TASK PROMPT: Copy out the lines of the records below, and only those lines, from the one with "Gnocchi v omaki s hrustljavim keljem" through the one with "Citroen C4 Белый", exactly as they appear.

EXERCISE MATERIALS:
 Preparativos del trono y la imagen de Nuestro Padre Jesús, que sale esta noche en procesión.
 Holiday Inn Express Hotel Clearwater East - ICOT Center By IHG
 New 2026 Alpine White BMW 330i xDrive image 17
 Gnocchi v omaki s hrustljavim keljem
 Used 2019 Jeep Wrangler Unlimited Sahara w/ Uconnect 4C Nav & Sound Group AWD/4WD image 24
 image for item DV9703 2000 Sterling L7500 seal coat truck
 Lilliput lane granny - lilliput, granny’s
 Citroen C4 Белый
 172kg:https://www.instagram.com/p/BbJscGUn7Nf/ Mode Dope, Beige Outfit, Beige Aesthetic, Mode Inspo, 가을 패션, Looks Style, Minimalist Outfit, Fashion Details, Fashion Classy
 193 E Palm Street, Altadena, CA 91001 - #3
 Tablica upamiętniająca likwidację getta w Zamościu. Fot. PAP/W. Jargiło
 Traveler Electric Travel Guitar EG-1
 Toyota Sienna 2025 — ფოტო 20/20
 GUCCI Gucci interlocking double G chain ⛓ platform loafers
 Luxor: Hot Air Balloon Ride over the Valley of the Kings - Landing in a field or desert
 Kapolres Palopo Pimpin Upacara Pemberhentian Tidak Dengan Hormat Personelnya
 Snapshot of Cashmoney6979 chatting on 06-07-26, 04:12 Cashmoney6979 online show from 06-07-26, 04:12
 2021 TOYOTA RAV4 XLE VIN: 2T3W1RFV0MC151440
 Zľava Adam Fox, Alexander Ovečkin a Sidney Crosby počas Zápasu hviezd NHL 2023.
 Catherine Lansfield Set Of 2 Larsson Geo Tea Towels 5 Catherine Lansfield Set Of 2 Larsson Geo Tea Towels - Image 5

SOLUTION:
 Gnocchi v omaki s hrustljavim keljem
 Used 2019 Jeep Wrangler Unlimited Sahara w/ Uconnect 4C Nav & Sound Group AWD/4WD image 24
 image for item DV9703 2000 Sterling L7500 seal coat truck
 Lilliput lane granny - lilliput, granny’s
 Citroen C4 Белый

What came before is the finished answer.